3d Using Assessment in Instruction
Assessment of student learning plays an important new role in teaching: no longer signaling the end of instruction, it is now recognized to be an integral part of instruction. While assessment of learning has always been and will continue to be an important aspect of teaching (it’s important for teachers to know whether students have learned what teachers intend), assessment for learning has increasingly come to play an important role in classroom practice. And in order to assess student learning for the purposes of instruction, teachers must have a “finger on the pulse” of a lesson, monitoring student understanding and, where feedback is appropriate, offering it to students. Indeed, for the purpose of monitoring, many teachers create questions specifically to elicit the extent of student understanding and use additional techniques (such as exit tickets) to determine the degree of understanding of every student in the class. Teachers at high levels of performance in this component, then, demonstrate the ability to encourage students and actually teach them the necessary skills of monitoring their own learning against clear standards. But as important as monitoring student learning and providing feedback to students are, however, they are greatly strengthened by a teacher’s skill in making mid-course corrections when needed, seizing on a “teachable moment,” or enlisting students’ particular interests to enrich an explanation.

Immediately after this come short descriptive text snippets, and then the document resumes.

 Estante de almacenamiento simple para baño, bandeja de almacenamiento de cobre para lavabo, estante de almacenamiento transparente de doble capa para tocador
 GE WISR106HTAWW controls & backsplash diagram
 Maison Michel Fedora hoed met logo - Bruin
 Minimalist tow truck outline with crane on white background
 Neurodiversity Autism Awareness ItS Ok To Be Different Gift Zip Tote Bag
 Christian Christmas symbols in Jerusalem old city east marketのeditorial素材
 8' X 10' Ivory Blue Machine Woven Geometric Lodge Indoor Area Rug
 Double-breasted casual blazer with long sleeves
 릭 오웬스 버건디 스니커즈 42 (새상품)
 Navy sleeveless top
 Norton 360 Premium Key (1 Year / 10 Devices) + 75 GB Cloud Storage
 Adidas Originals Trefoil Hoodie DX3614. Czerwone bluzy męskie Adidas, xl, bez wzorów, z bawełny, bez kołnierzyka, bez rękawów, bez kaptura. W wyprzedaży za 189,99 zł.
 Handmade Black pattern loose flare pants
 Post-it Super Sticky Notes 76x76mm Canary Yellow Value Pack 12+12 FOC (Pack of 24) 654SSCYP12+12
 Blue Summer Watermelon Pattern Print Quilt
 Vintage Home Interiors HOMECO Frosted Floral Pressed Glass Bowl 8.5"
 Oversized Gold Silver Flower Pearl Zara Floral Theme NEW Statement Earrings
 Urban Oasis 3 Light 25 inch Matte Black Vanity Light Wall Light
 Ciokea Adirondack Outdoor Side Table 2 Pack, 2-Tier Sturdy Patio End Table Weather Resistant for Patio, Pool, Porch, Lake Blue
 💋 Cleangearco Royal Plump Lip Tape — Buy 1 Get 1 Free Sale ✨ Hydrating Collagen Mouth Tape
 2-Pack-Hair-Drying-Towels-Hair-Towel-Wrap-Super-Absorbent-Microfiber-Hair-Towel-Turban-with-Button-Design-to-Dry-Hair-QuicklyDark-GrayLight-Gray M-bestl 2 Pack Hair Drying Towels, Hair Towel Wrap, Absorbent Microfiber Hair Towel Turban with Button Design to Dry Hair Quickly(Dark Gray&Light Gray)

Document Description: This document shows how I used assessments to guide my assessment as well as how I used it in my teaching to see what I needed to teach the next time I taught these students.This shows that I am able to intergrate assessment throughout a unit.
3e Demonstrating Flexibility and Responsiveness
“Flexibility and responsiveness” refer to a teacher’s skill in making adjustments in a lesson to respond to changing conditions. When a lesson is well planned, there may be no need for changes during the course of the lesson itself. Shifting the approach in midstream is not always necessary; in fact, with experience comes skill in accurately predicting how a lesson will go and being prepared for different possible scenarios. But even the most skilled, and best prepared, teachers will occasionally find either that a lesson is not proceeding as they would like or that a teachable moment has presented itself. They are ready for such situations. Furthermore, teachers who are committed to the learning of all students persist in their attempts to engage them in learning, even when confronted with initial setbacks.
Document Description: This is a list of common accommodations that I saw used in high school and elementary school IEPs that I worked on during my senior practicum. I was able to use these and be flexible to my students indiviudal needs.
Teachers convey that teaching and learning are purposeful activities; they make that purpose clear to students. They also provide clear directions for classroom activities so students know what to do; and when additional help is appropriate, teachers model these activities. When teachers present concepts and information, they make those presentations with accuracy, clarity, and imagination, using precise, academic language; where amplification is important to the lesson, skilled teachers embellish their explanations with analogies or metaphors, linking them to students’ interests and prior knowledge. Teachers occasionally withhold information from students to encourage them to think on their own, but what information they do convey is accurate and reflects deep understanding of the content. Teachers’ use of language is vivid, rich, and error free, affording the opportunity for students to hear language used well and to extend their own vocabularies. Teachers present complex concepts in ways that provide scaffolding and access to students.